Direktur Departemen Pengelolaan Moneter dan Aset Sekuritas BI, R. Triwahyono menjelaskan, dalam situasi tersebut pihaknya akan melakukan intervensi hanya dilakukan pada saat-saat yang diperlukan. Seperti misalnya saat terjadi ketidakseimbangan di pasar.
"Kita sebagai otoritas memang kita harus menjadi pihak yang melakukan stabilize terhadap ketidakseimbangan itu," ujar Triwahyono alam Taklimat Media Bank Indonesia, Kamis (6/3/2025).
Triwahyono pun menjelaskan Bank Indonesia terus akan melakukan pemantauan terhadap pergerakan nilai tukar dan intervensi jika dilakukan.

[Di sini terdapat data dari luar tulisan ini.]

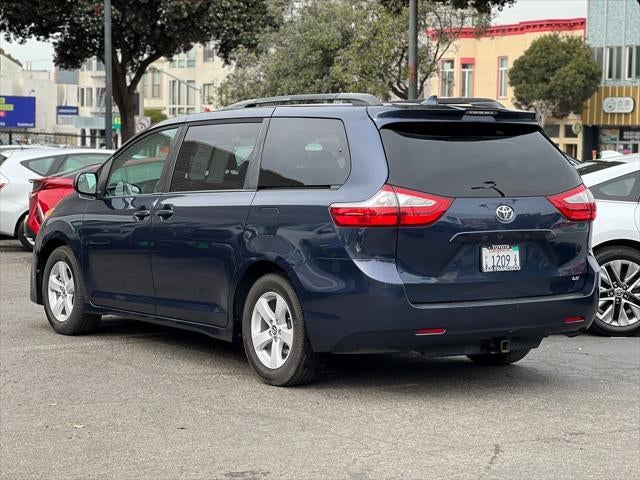 2019 Toyota Sienna LE 8 Passenger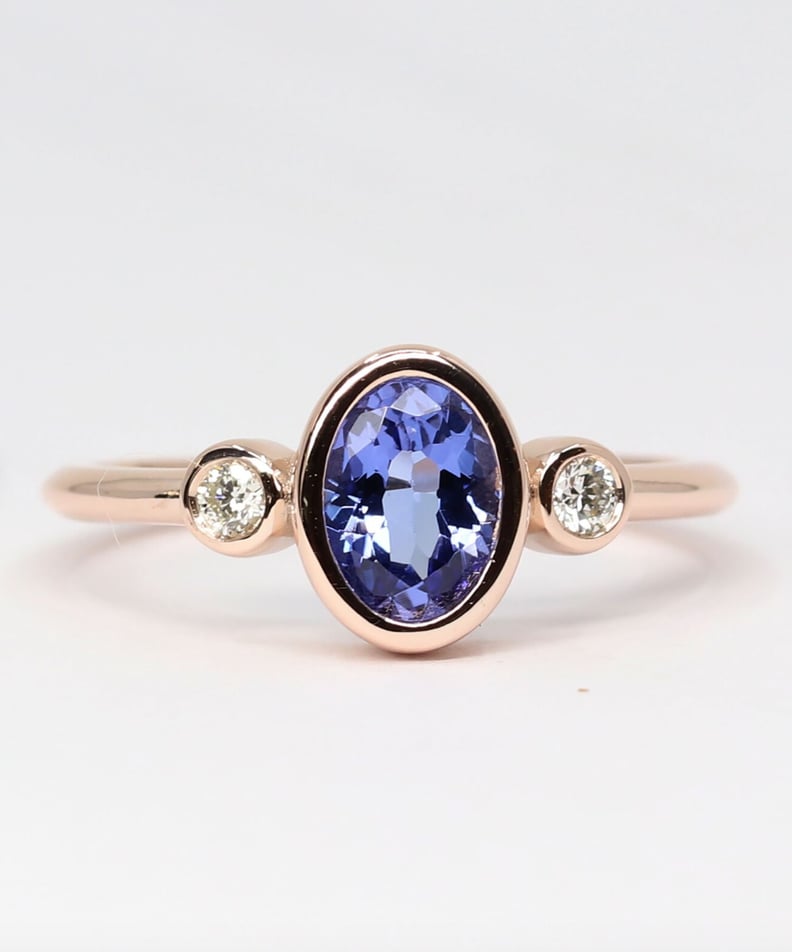 独特的真正的钻石和自然坦桑黝帘石的订婚戒指
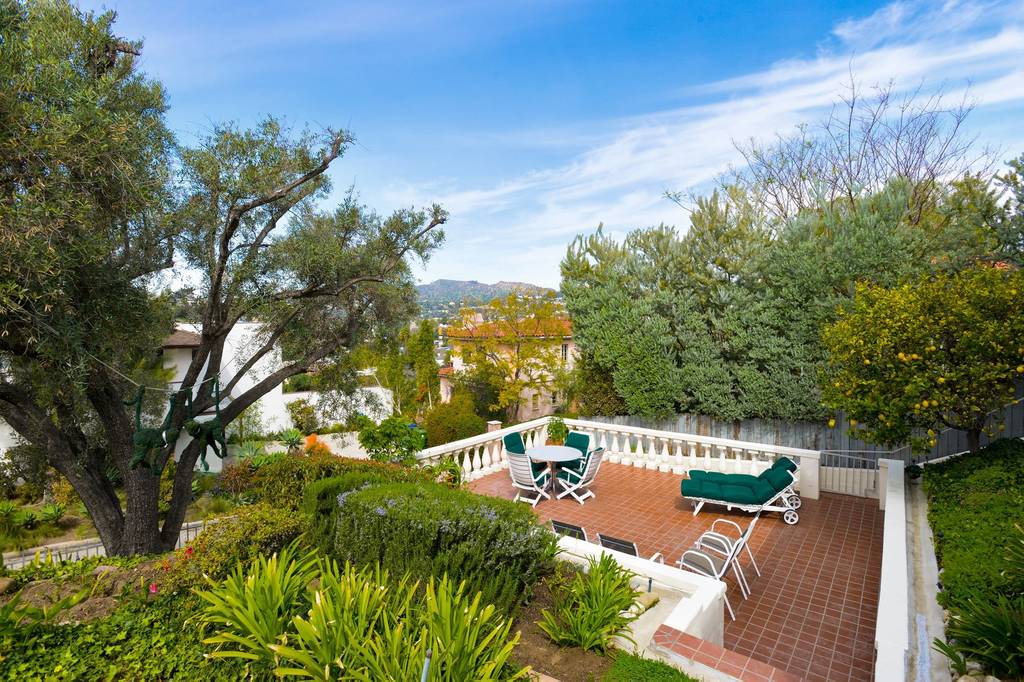 Detached House for sale in 2277 Moreno Dr, Los Angeles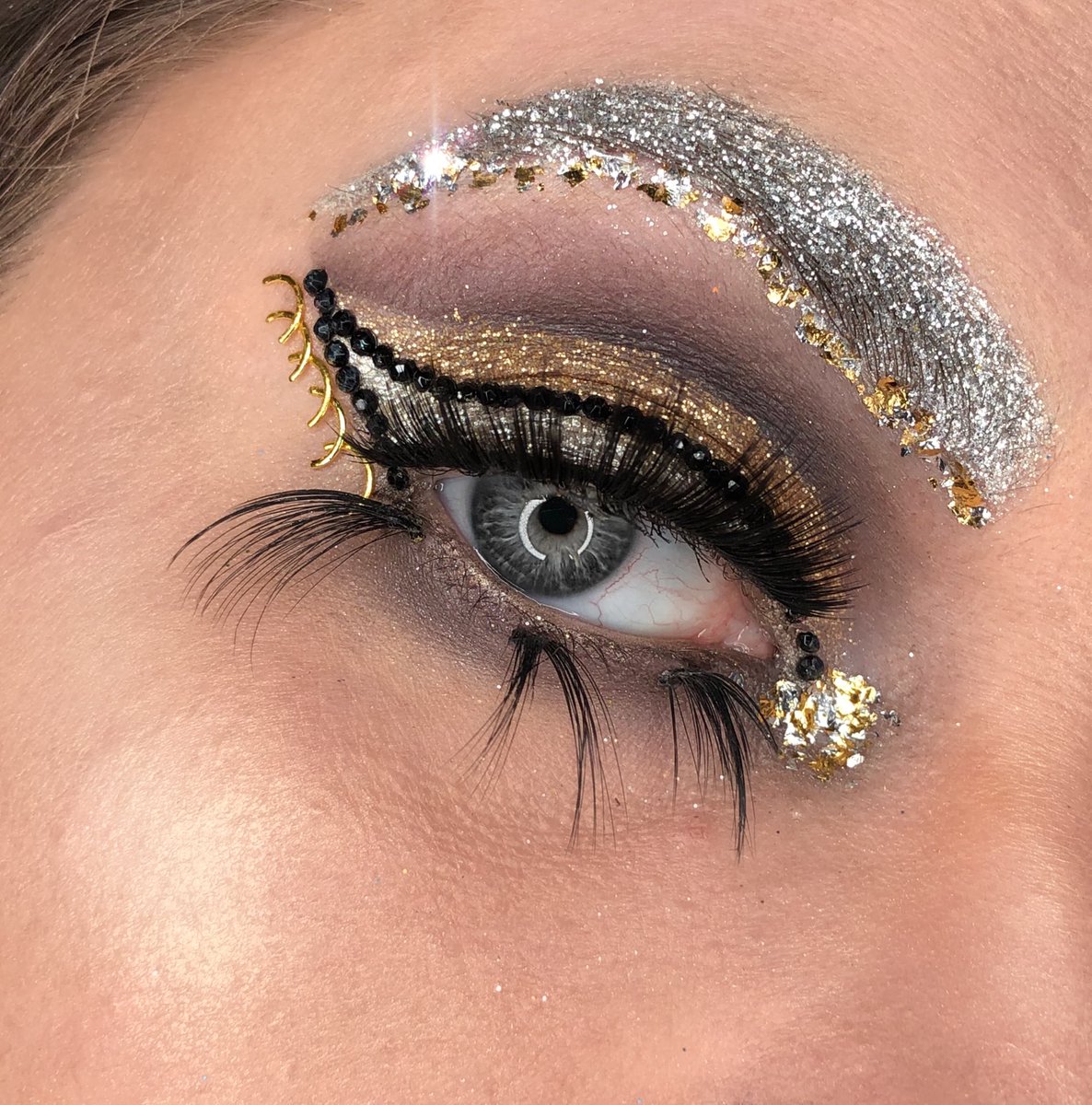 learnwithlib's tweet photo. Metallic Mania 💛🖤
•recreation series 2
I had SO much fun recreating this look! 😍
#metallicmakeup #glitterbrows #goldfoil #silverandgold #sofuckinggold https://t.co/17zyS6ZWbY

"Kita tidak bisa mengatakan apakah tiap hari atau tidak, BI akan terus melakukan monitoring terhadap pergerakan nilai tukar dan memang akan melakukan intervensi ini memang jika itu diperlukan," ujarnya.
Kestabilan nilai tukar sangat dibutuhkan untuk mendorong pertumbuhan ekonomi. Pada 2025, BI memperkirakan pertumbuhan ekonomi berada pada kisaran 4,7-5,5% secara tahunan atau year on year (yoy).
BI juga mengoptimalkan instrumen moneter termasuk melalui SRBI, SVBI dan SUVBI. Hingga 17 Februari 2025, posisi instrumen SRBI, SVBI, dan SUVBI masing-masing tercatat sebesar Rp892,90 triliun, US$3,03 miliar dan US$ 587 juta.
Dilansir dari Refinitiv, rupiah ditutup melemah 0,09% di angka Rp16.325/US$ pada hari ini, Kamis (5/3/2025). Depresiasi ini mematahkan tren penguatan yang telah terjadi selama tiga hari beruntun.